WHAT THIS TASK INVOLVES: Among the lines of data below, reproduce only those from the one with "Grappige wijnflessen schort (Voorkant)" through the one with "Carte Postale Gênes", exactly as they stand, both ends included.

AVAILABLE DATA:
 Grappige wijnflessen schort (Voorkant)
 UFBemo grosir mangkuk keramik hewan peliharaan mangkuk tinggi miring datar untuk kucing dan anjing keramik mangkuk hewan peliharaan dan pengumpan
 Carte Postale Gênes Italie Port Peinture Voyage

==

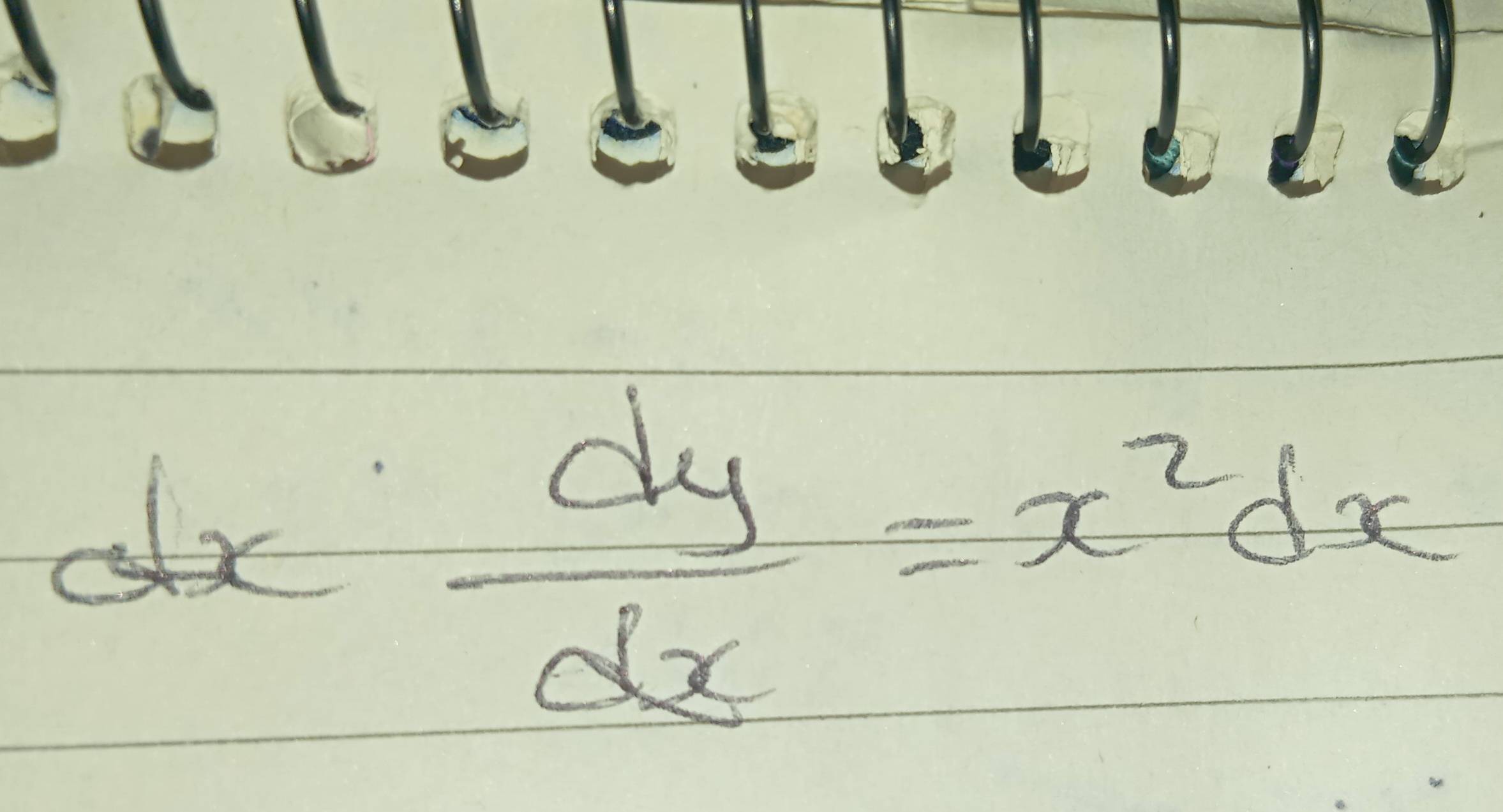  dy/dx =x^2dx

--

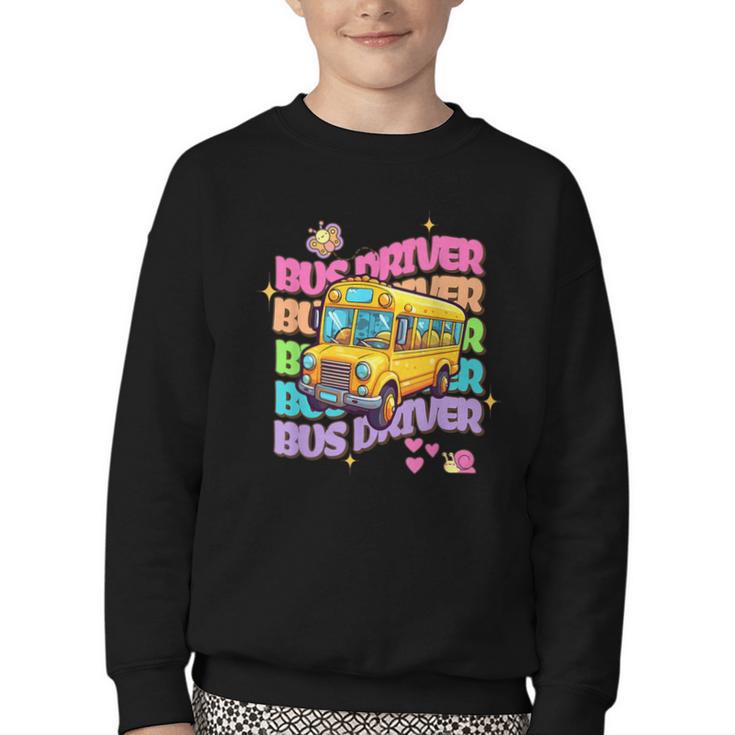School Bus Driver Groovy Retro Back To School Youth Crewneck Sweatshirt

EXPECTED ANSWER:
 Grappige wijnflessen schort (Voorkant)
 UFBemo grosir mangkuk keramik hewan peliharaan mangkuk tinggi miring datar untuk kucing dan anjing keramik mangkuk hewan peliharaan dan pengumpan
 Carte Postale Gênes Italie Port Peinture Voyage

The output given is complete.